Our blog post on May 13 on www.kamakuraco.com explained that using "true" VAR for capital allocation is implicitly assuming that the organization must self-insure its capital needs with, say, 99% capability. A put option or insurance policy that insures the firm against the same loss profile is the probability weighted present value of all scenarios. Given identical loss projections, this normally means that the "true" VAR will be much higher than the put price (unless the losses are the same in all scenarios) because the put is probability weighted and the VAR is not. Then what about this quote from www.bloomberg.com on January 28, 2008?: "Merrill's highest one-day value at risk in the third quarter was $92 million, indicating that the firm's maximum expected cost during the 63-trading day period would be $5.8 billion. In fact, the firm wrote down $8.4 billion from the value of collateralized debt obligations, subprime mortgages and leveraged finance commitments, 45 percent more than the worst- case scenario." How could that happen? Shouldn't VAR have been less than the cost of insurance, and shouldn't the actual losses been less than VAR?

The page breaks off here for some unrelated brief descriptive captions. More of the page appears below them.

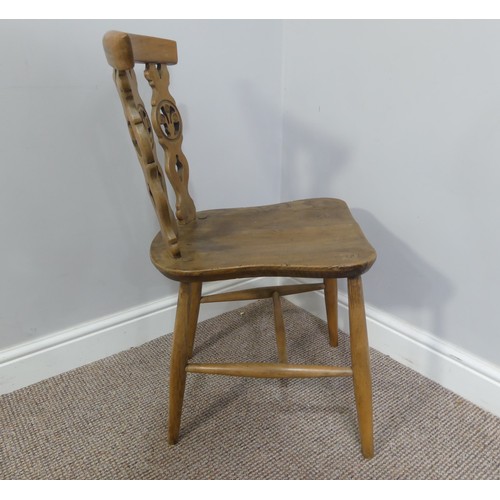 356 - A set of four vintage ash kitchen chairs, all with carved backs, one chair has a different shaped se... 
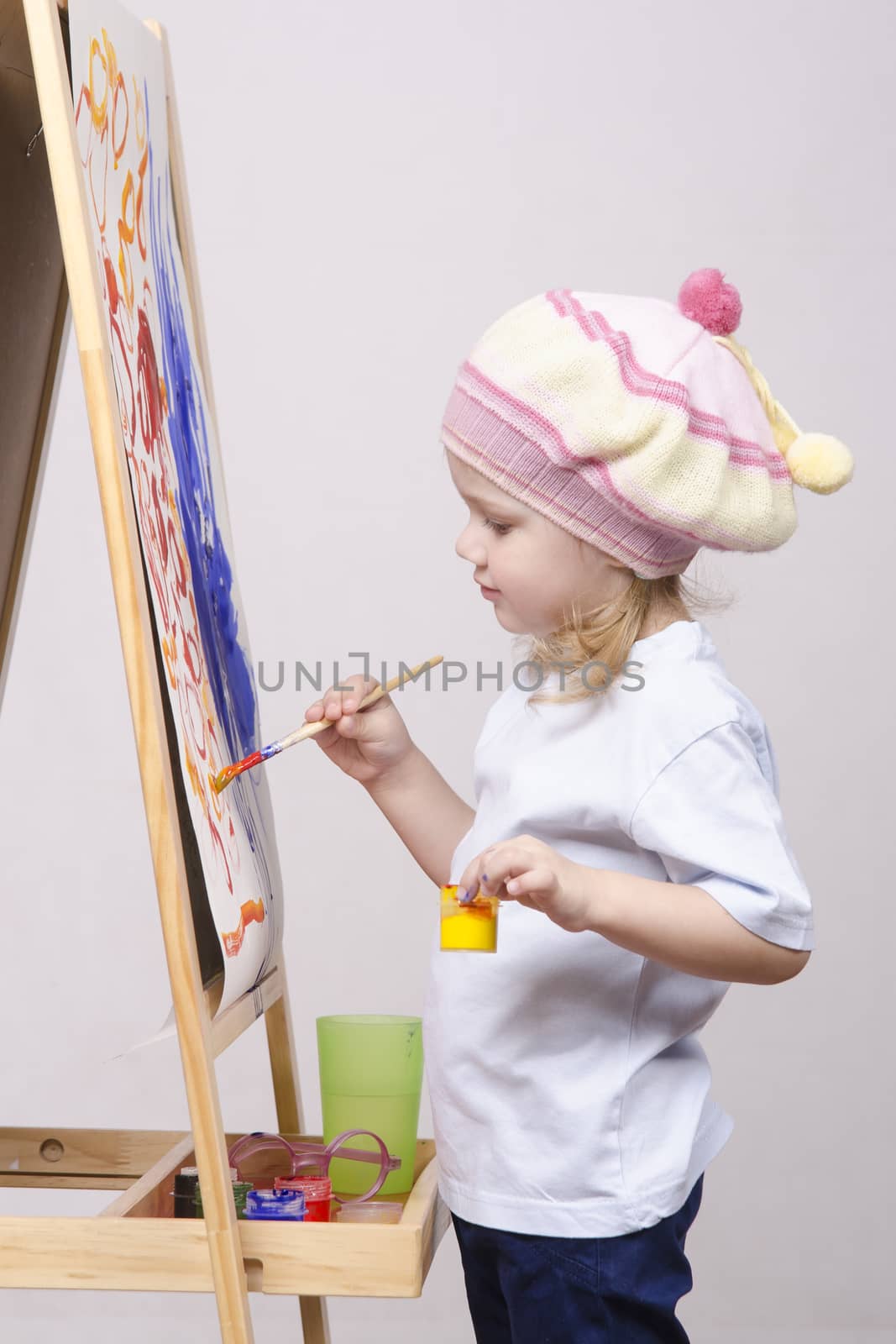 Three-year-old girl playing in the artist. Girl draws on the easel paints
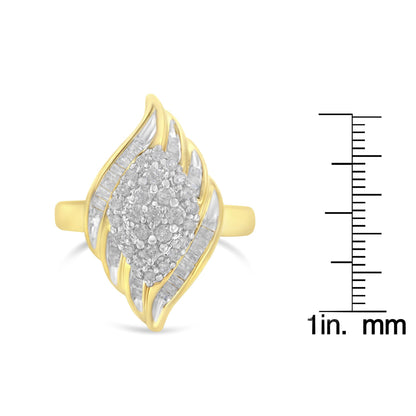 Front-facing angled view of a yellow metal ring with clustered round white gemstones in prong settings at the center, surrounded by rows of white baguette-shaped gemstones in channel settings, shown next to a ruler for size reference.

The answer, in this case, is no. What was reported in the Bloomberg story was "false" VAR, a gross underestimate of risk that has a host of problems that we listed in the April 6, 2009 blog on www.kamakuraco.com, "Is Your Value at Risk from Value-at-Risk? Beware..." The Bloomberg story goes on to state that most of the large U.S. securities firms were using "false" VAR based on 1-4 years of historical data. Given the history of U.S. home prices, a 4 year historical "false" VAR would have predicted minimal losses (as it did) because over the 4 year period ending December 31, 2007, home prices were strongly up. Even though home prices peaked in Los Angeles in September 2006, they did not begin to have a powerful impact on mortgage defaults until the second half of 2007. "False" VAR is based on an average of history. "True" VAR, which is what we assumed in our May 13 post, is a complete and accurate listing of all possible future outcomes and their probabilities, Prof. Kenneth Arrow's famous "state space." If we base "true" VAR on that complete listing of outcomes and probabilities, the put price or cost of insuring risks via a third party than can diversify will almost always be less than the high percentile (say 99th) "true" VAR number. That "true" VAR number is the amount of self-insurance you need to survive with 99 percent probability.

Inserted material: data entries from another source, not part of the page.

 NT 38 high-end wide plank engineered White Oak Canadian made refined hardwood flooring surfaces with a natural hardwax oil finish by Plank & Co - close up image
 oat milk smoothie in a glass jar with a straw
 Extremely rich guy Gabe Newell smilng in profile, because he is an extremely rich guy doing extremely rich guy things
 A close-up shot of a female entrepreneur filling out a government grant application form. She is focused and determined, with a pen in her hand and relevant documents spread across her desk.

Wasn't the miss with respect to VAR just a "Black Swan" as Nassim Taleb argued? No, it was just bad math. It was an assumption that the world was flat. As we explain in our April 6 post, historical VAR contains an implicit assumption that neither Lehman nor Bear Stearns could fail, because (based on historical equity returns) the implied probability of -100% stock returns within a month for each of them was 0.000000%. Similarly, if the monthly changes in home prices have been strongly positive over the measurement period, the historical VAR approach will implicitly assume away the probability of a decline. The "true" VAR calculation and a rationally priced put will consider all possible future scenarios, not just those that have actually come about in the last 12 or 48 months.
Many thanks, R. Have a great weekend. Hana hou!